[[ RECORDS FOR THE EXERCISE open ]]

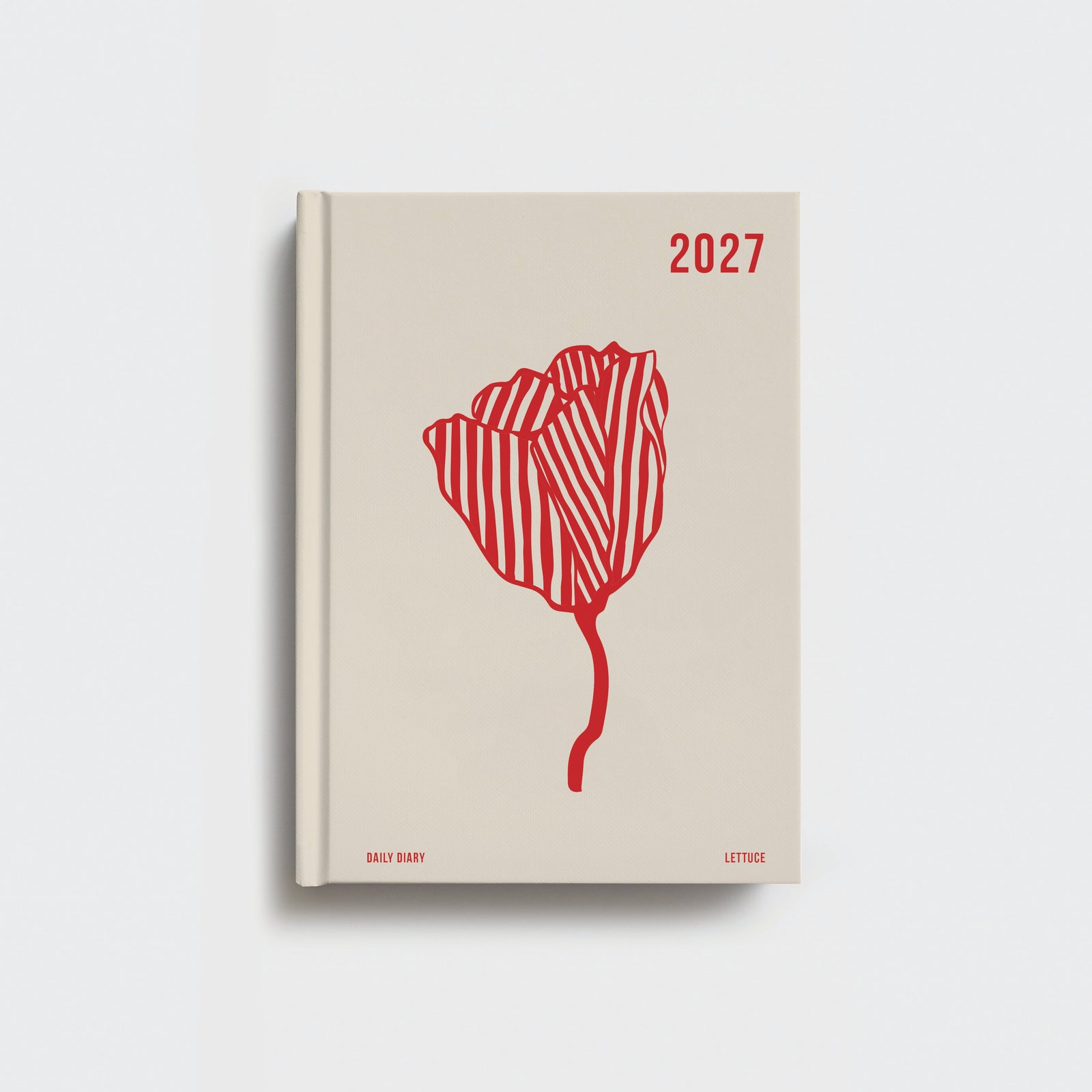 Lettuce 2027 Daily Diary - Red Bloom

[[ RECORDS FOR THE EXERCISE closed ]]
[[ RECORDS FOR THE EXERCISE open ]]

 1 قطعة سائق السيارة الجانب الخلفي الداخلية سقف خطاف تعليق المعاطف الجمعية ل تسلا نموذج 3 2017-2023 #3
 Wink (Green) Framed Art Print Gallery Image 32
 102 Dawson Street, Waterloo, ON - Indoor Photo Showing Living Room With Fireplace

[[ RECORDS FOR THE EXERCISE closed ]]

#### WHAT TO DO
The entries above hold the needed span. Transcribe exactly the lines from the one with "1 قطعة سائق" to the one with "102 Dawson Street, Waterloo, ON", both included.

#### TASK ANSWER
 1 قطعة سائق السيارة الجانب الخلفي الداخلية سقف خطاف تعليق المعاطف الجمعية ل تسلا نموذج 3 2017-2023 #3
 Wink (Green) Framed Art Print Gallery Image 32
 102 Dawson Street, Waterloo, ON - Indoor Photo Showing Living Room With Fireplace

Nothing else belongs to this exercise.